> _Try it_: The answer must be an exact copy of the lines from the one containing "1 box 540 pcs" through the last line of the records, with the pictures left out.
▽
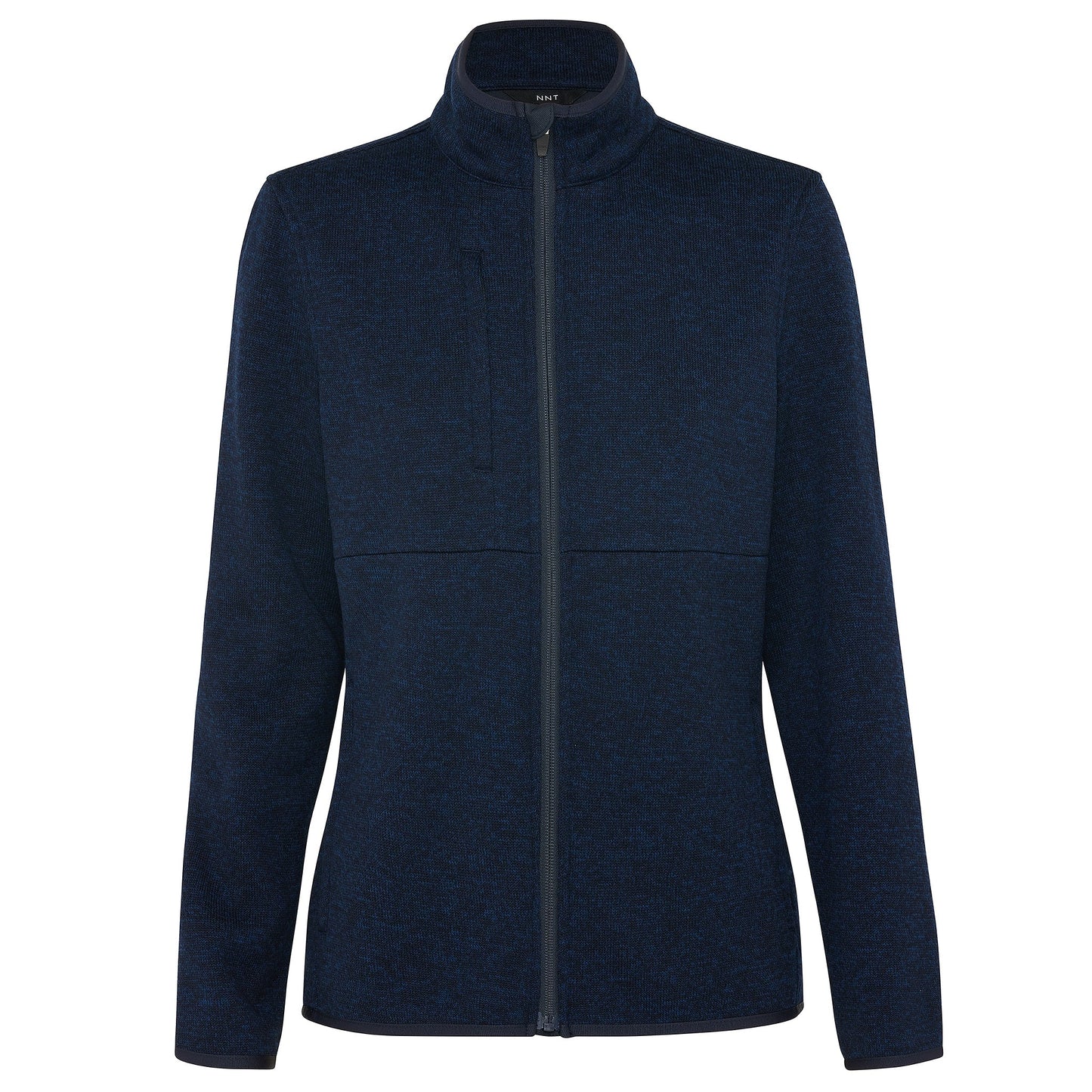 NNT CAT5E2 Textured Fleece Zip Front Jacket W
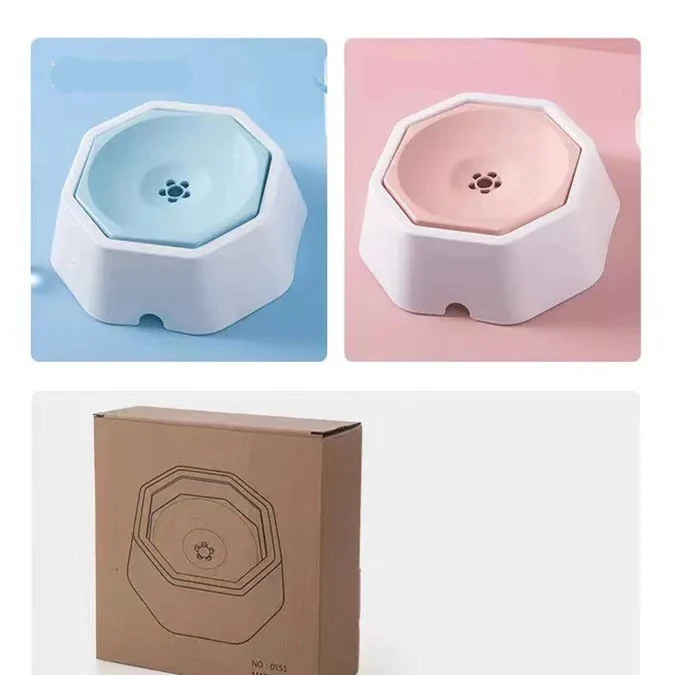 Title 11, Pet Floating Bowl Separate Cat Water Dispenser ...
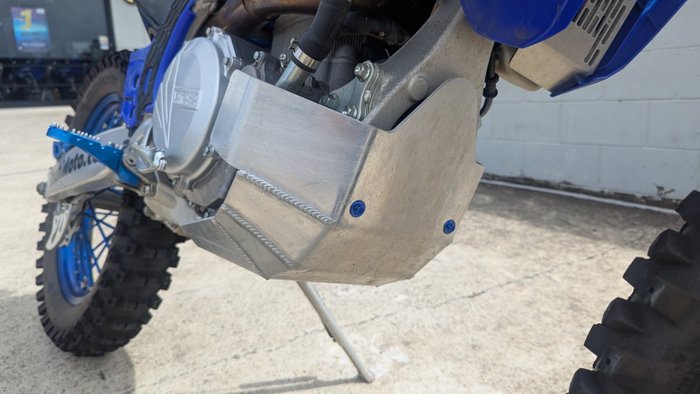 2018 Yamaha WR450F Blue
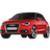 Иконка для wialon от global-trace.ru: Audi A1 S line 5D 2013'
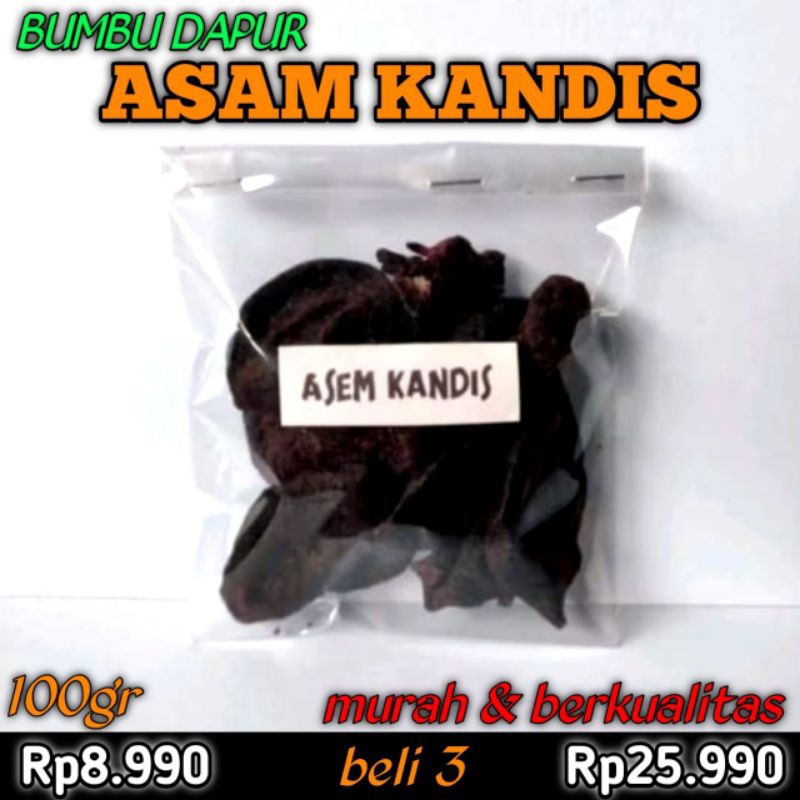 

asam kendis asam Jawa asam matang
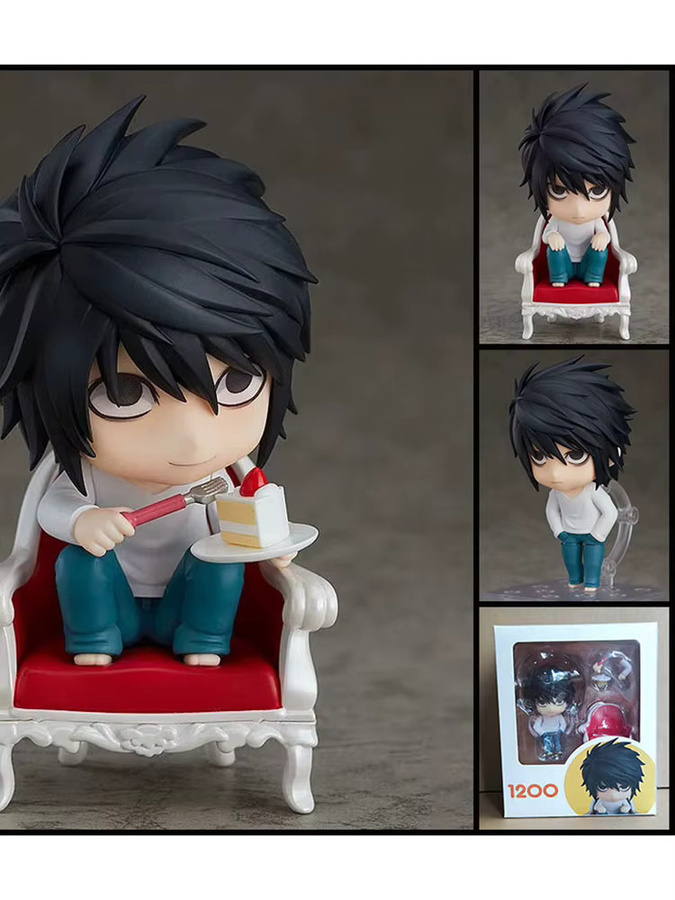 Bandai Death Note L 2.0 Chibi, bewegliche Actionfigur, Einzelfigur - Bild 3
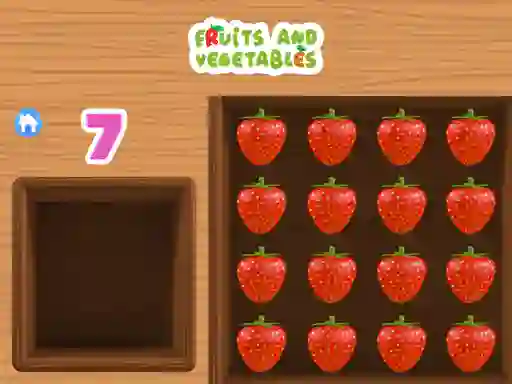Gioco Fruits And Vegetables in linea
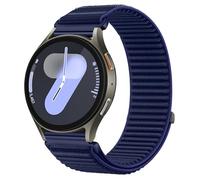 Bracelet de montre en nylon 20 mm compatible avec Samsung Galaxy Watch 7/6/5/4 40 mm 44 mm, compatible avec Huawei Watch GT3 GT2 42 mm/Forerunner 165 158 Vivoactive 6 5 3, taille unique, Nylon, No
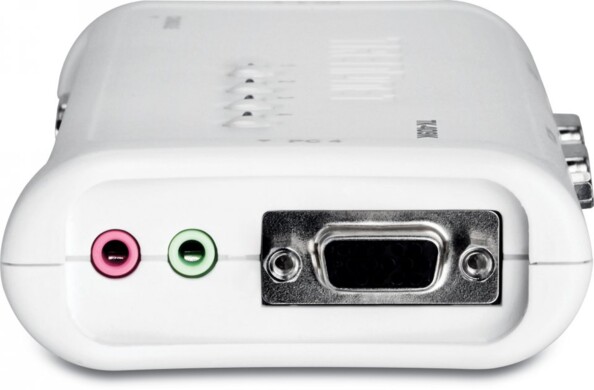 Commutateur USB 4 PC + Audio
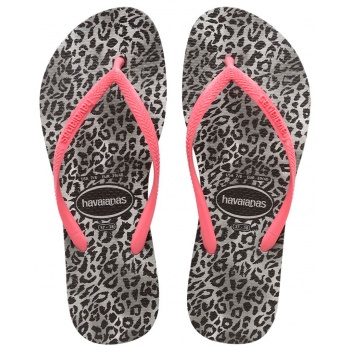 havaianas slim leopard 4145480-0090 σε προσφορά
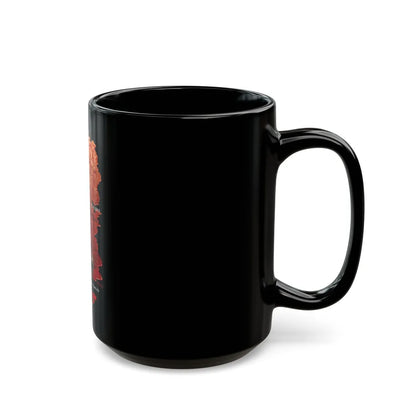 FRIDAY THE 13TH - THE FINAL CHAPTER (JEFF ZORNOW) 1984 Movie Poster - Black Coffee Mug-Go Mug Yourself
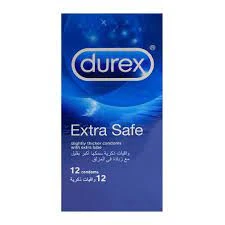 Durex Pack of 5 – Durex Extra Safe 12’s + Durex Flavours 12’s + Durex Extra Safe 3’s + Durex Invisible Extra Thin 3’s + price in Pakistan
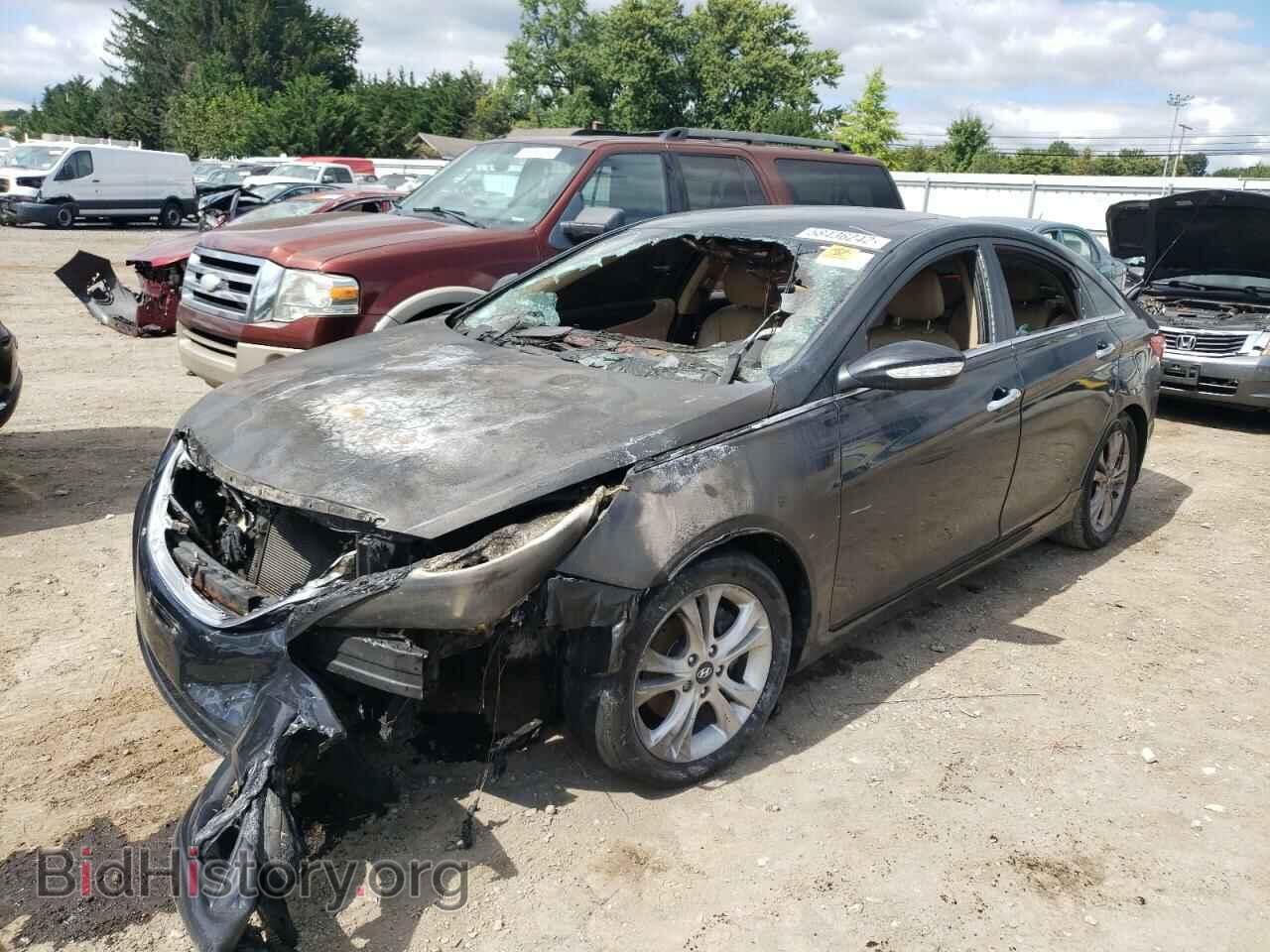 2013 HYUNDAI SONATA - VIN: 5NPEC4AC7DH531220 - Фото 2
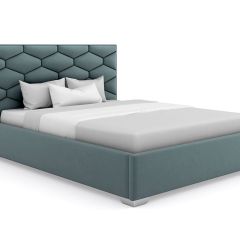 Кровать Коралл интерьерная +основание (120х200) в Покачах - pokachi.mebel24.online | фото 14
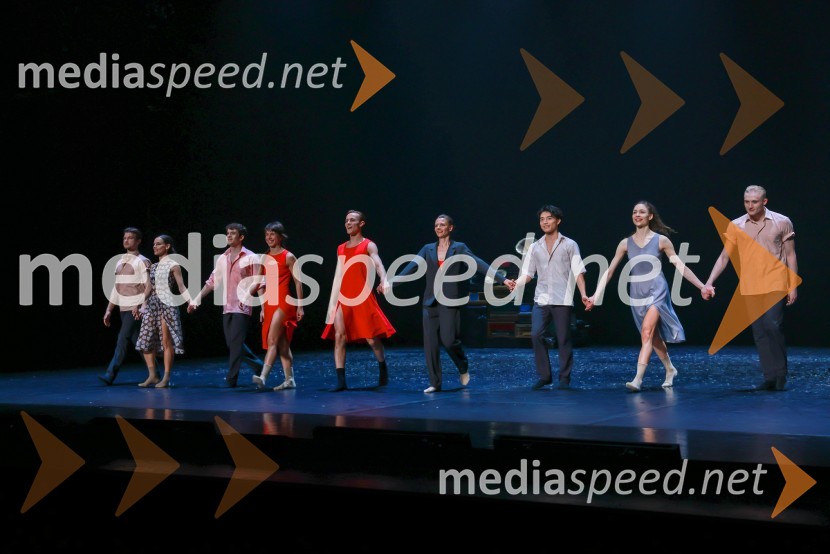 MYTH, RAIN DOGS, APERTURE, baletni triptih, premiera v SNG Maribor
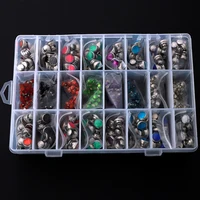 1 box 540 pcs Scissors Silencer Parts with Screws Mix in one set Haircutting Styling Scissors Accessories Bumpers Silenciador 1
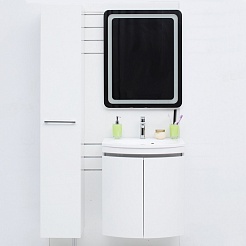 De Aqua Мебель для ванной Токката 60, зеркало Смарт – фотография-10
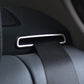 Passend für BMW 5 f10 f18 520 525 528li Gurt Blenden Abdeckung Rahmen Silber
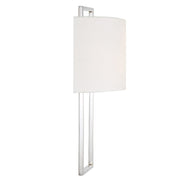 Fremont 2 Light 10" Sconce in Polished Nickel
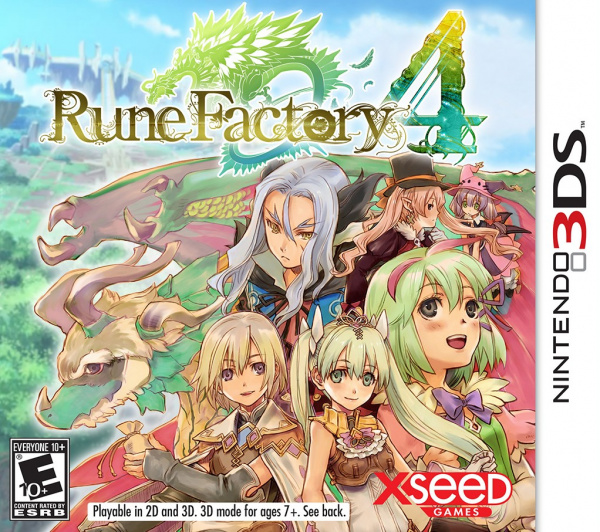 Rune Factory 4 Review 3DS (Natsume)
△
> _Solution to this exercise_:
 1 box 540 pcs Scissors Silencer Parts with Screws Mix in one set Haircutting Styling Scissors Accessories Bumpers Silenciador 1
 De Aqua Мебель для ванной Токката 60, зеркало Смарт – фотография-10
 Passend für BMW 5 f10 f18 520 525 528li Gurt Blenden Abdeckung Rahmen Silber
 Fremont 2 Light 10" Sconce in Polished Nickel
 Rune Factory 4 Review 3DS (Natsume)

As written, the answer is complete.